Sa-ad, from Nong Yak village tells a different story. “We saw that no other plants would grow within a distance of 10 metres from the edge of the plantation,” he said. “The ground in the plantation was very dry. Our wells began to go dry – wells four to five metres deep – and we had no water to drink.”

Researchers at Duke University in the USA and the Universidad Nacional de San Luis in Argentina have also recorded evidence of the impacts of eucalyptus plantations on water flows. They analysed data from 26 catchment data sets and found that planting trees reduced water runoff by an average of 44 per cent. “Eucalypts had a larger impact than other tree species on afforested grasslands,” they found, reducing runoff by 75 per cent.[1]

Yet Prime Minister Samak says he held talks with “experts” who convinced him that the impacts of eucalyptus plantations are overstated. Thailand’s Minister of Science and Technology, Wutipong Chaisang, said that eucalyptus planting should cover five million hectares in Thailand.

Siam Cement Group (SCG) has an expansion strategy that it calls “Go Regional”. In 2006, the company set up its first paper baling centre in Laos, to collect recycled paper. In the Philippines, SCG owns United Pulp and Paper, which produces recycled packaging paper. SCG Paper has set up a joint venture with Japan’s Rengo Company Limited to build a 220,000 tonnes per year paper packaging plant in southern Vietnam. SCG Paper has other packaging plants in Thailand, Malaysia and Singapore, also in partnership with Rengo.

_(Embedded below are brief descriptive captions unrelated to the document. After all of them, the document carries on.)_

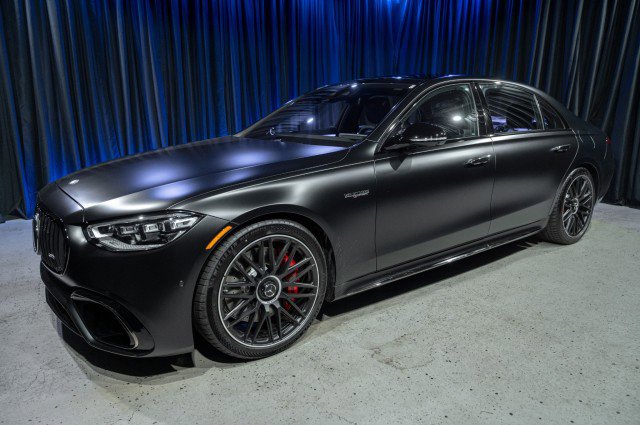 New 2026 Mercedes-Benz S 63 AMG S image 1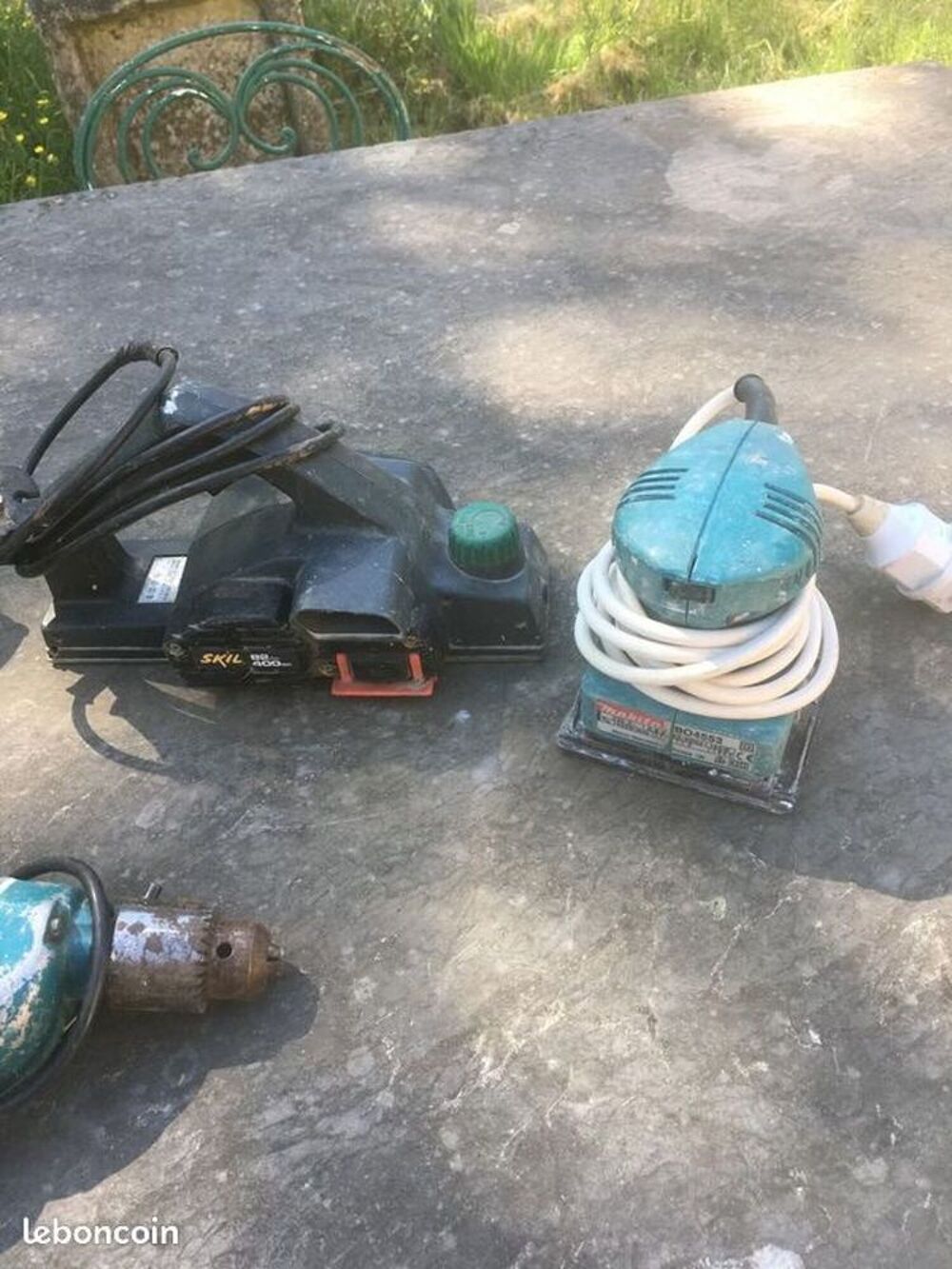 Raboteuse/ponceuse/perceuse Makita,Skil Bricolage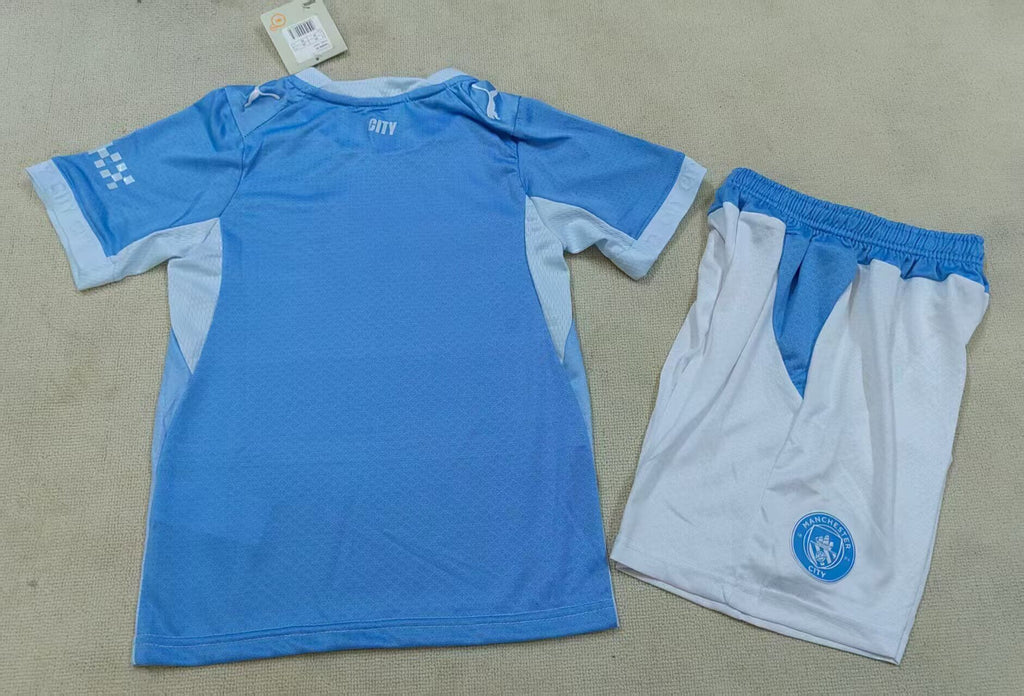 MAN CITY Kit infantil Version jugador — 26-27 Fake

In February 2008, Japan’s Nippon Paper announced that it had signed a memorandum on a “comprehensive tie-up” with SCG Paper “in order to jointly expand their operations in countries including Thailand, Malaysia and Vietnam”.

Currently, Advance Agro has two pulp mills with a total capacity of 580,000 tonnes per year and three paper plants with a total capacity of 600,000 tonnes per year. The company was formed in 1989 by Thailand’s Dumnernchanvanit family which controls a group of companies under the name Soon Hua Seng. Advance Agro was listed on the Thai Stock Exchange in 1995 and de-listed in 2007. Yothin Dumnernchanvanit bought up all the shares in the company and plans to restructure the company, after which he may re-list it, either in Thailand or overseas.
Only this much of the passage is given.